On Mon, Nov 5, 2018 at 9:19 AM Grant Taylor via TUHS
<tuhs(a)minnie.tuhs.org> wrote:
On 11/04/2018 08:16 PM, Robert Brockway wrote:
I used NIS a lot in the 90s and early 2000s. I
think it continues to be
underrated. The main gripe people had was lack of security but if all
of the hosts were in the same security domain anyway it wouldn't matter.
I'd like to hear more about the security issues.
Did NIS(+) ever encrypt it's communications? (I'm not counting things
like IPsec transport.)
I'm fairly certain that it was possible to enumerate the directory or
otherwise scrape most (if not all) of it's contents.
There was `ypcat passwd`, wasn't there?
I did a lot of
LDAP around 2007-2010. I got quite good at writing
filters as we were using for a lot more than juse user auth.

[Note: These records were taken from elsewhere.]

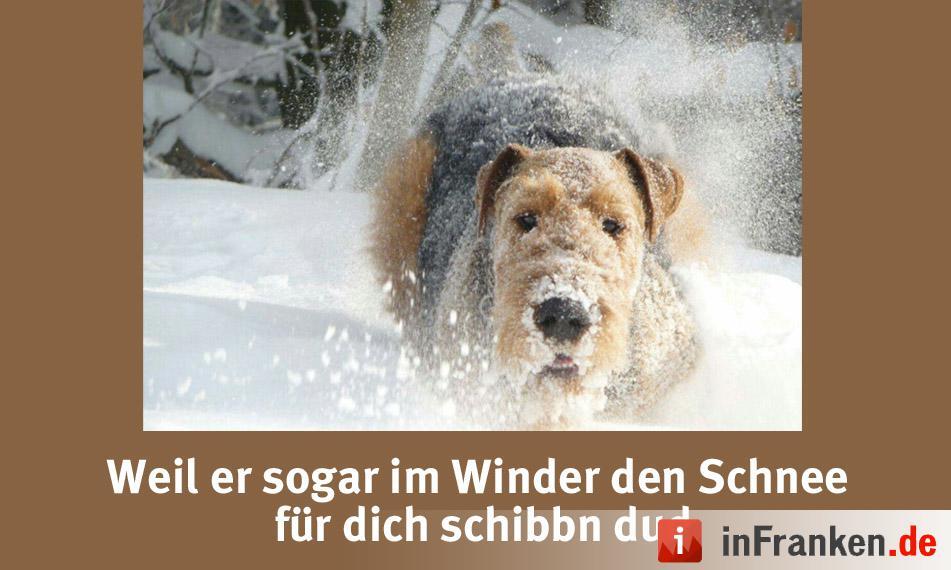 Foto: Evelin Penzler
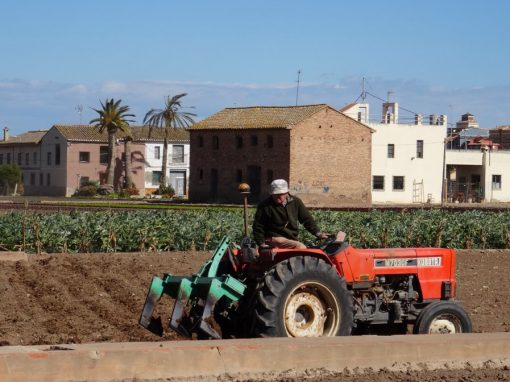 Diagnóstico del estado de las tierras de cultivo en Alboraia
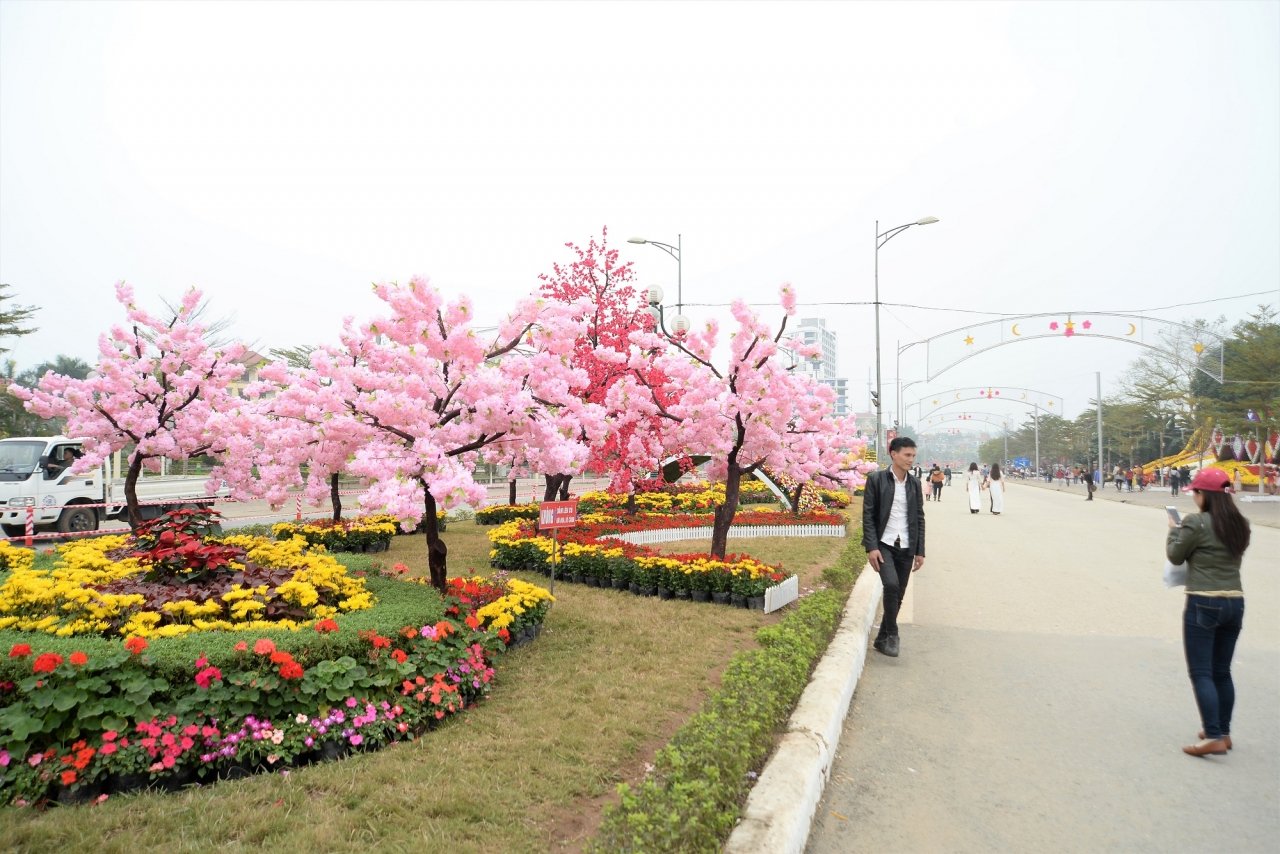 ngam-duong-hoa-ruc-ro-noi-pho-nui-tay-bac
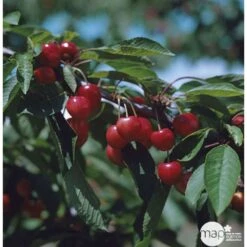 Cerisier Bigarreau Moreau : Gobelet 3 Ans D'âge Ctr 12 Litres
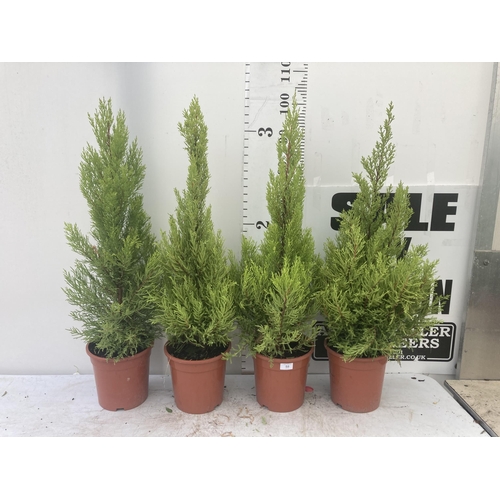 50 - FOUR GOLD CREST TREES APPROXIMATELY 90CM - 100CM TALL TO BE SOLD FOR THE FOUR PLUS VAT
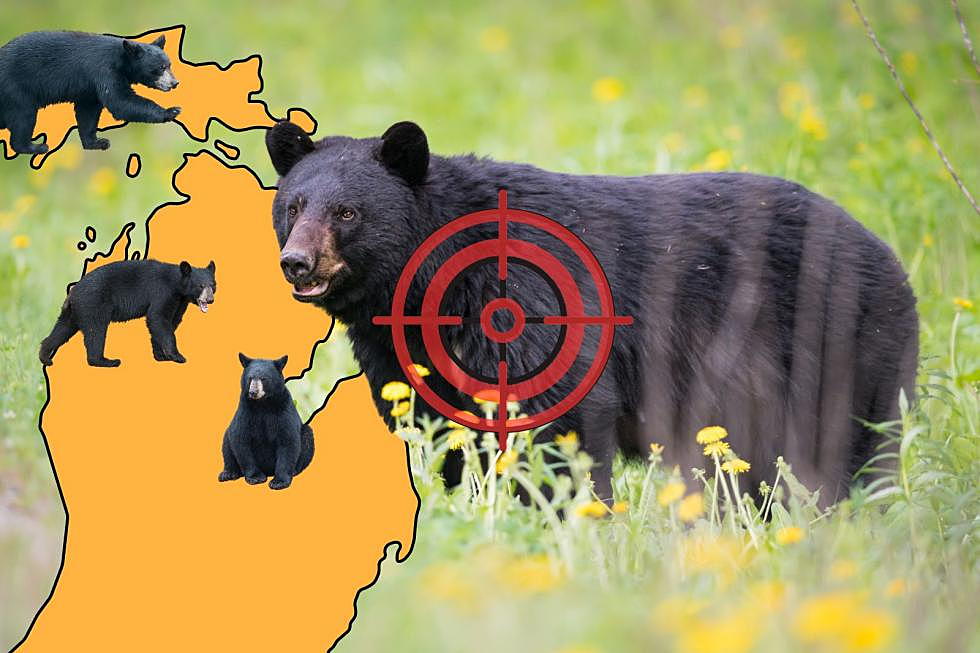 Michigan’s Bear is Population Growing, Harvest Declines Slightly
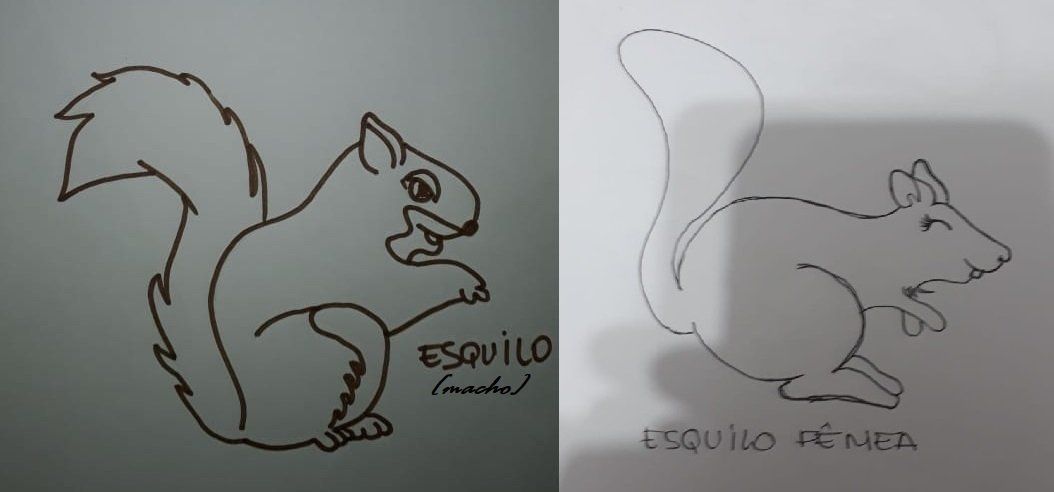 As criações de uma imaginação em papel é ilimitada.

Ya. The LDAP filters are why I tried to avoid just using LDAP against
AD. That and the fact that the Unix passwords were actually a separate
field that could have different values from what the Windows systems used.
I would say that expecting to just pull password hashes from the
directory service – using it as nothing more than networked
/etc/shadow – is a bad approach to begin with. Let the client handle
authentication via Kerberos (or via whatever else is apropriate for
AD).
Most
installations I'm seeing today auth to AD, which is of course now
supported.
I'm curious what "supported" actually means. I think there is
preconfigured LDAP against AD templates, and things like Samba+Winbind.
But all seem to be less native / seamless than NIS.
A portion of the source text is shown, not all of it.